ACTION ITEM: Take the material below and extract the lines from the one with "Kadın Gümüş Top" through the one with "Autumn Elegance Medium", word for word, without pictures.

ENTRIES SUPPLIED:

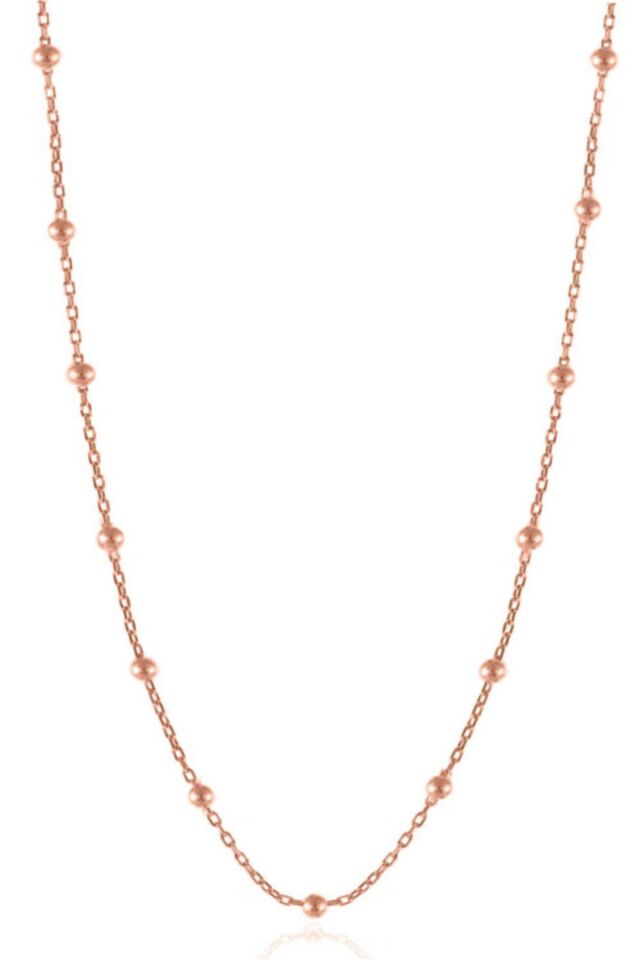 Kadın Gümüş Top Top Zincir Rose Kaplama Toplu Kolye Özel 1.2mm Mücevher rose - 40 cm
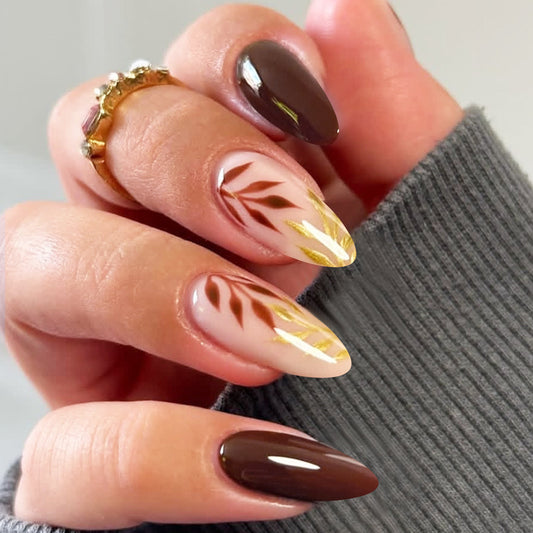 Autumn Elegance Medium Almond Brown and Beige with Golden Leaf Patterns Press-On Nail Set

...

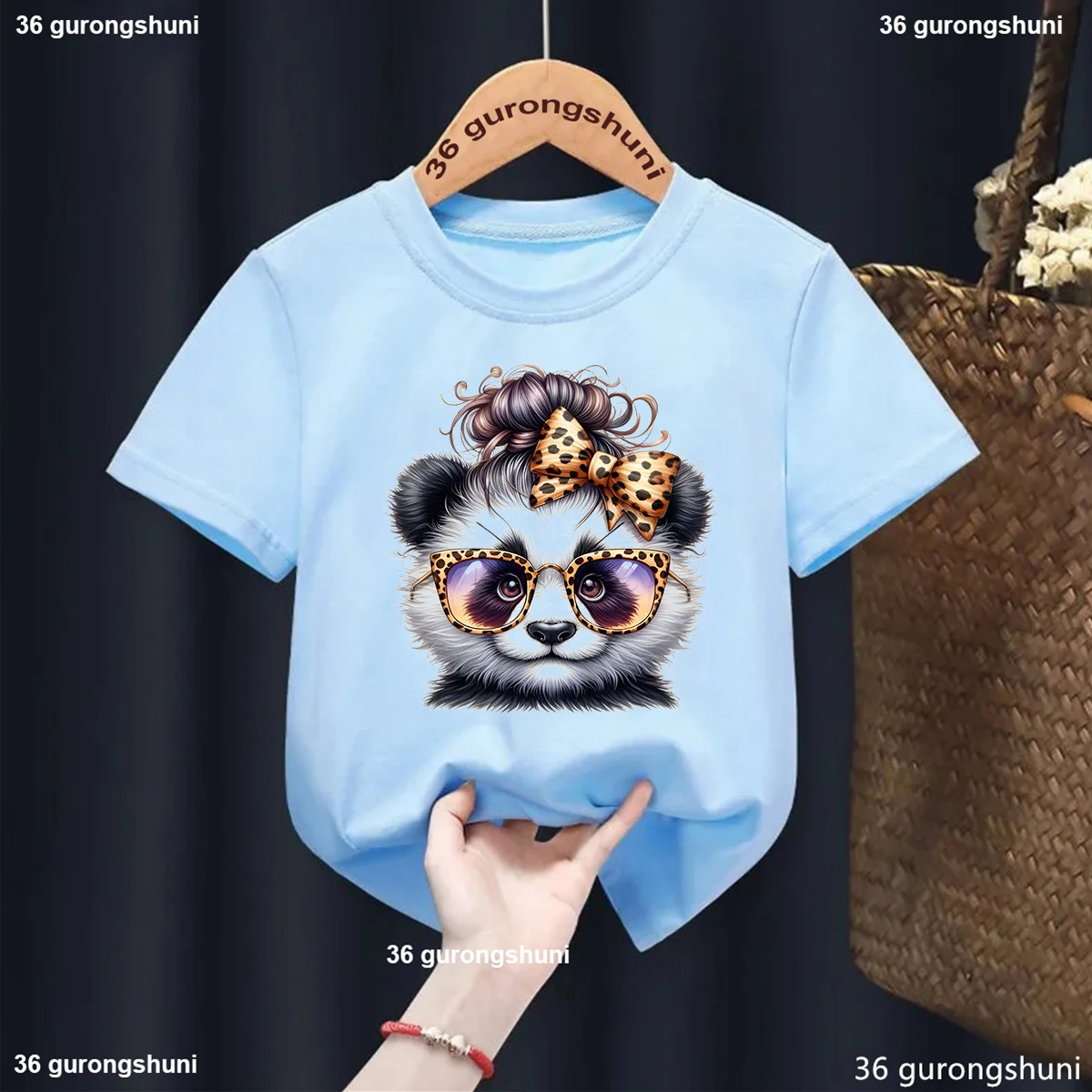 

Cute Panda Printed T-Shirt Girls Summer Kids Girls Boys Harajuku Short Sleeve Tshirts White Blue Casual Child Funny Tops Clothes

RESPONSE BELOW:
 Kadın Gümüş Top Top Zincir Rose Kaplama Toplu Kolye Özel 1.2mm Mücevher rose - 40 cm
 Autumn Elegance Medium Almond Brown and Beige with Golden Leaf Patterns Press-On Nail Set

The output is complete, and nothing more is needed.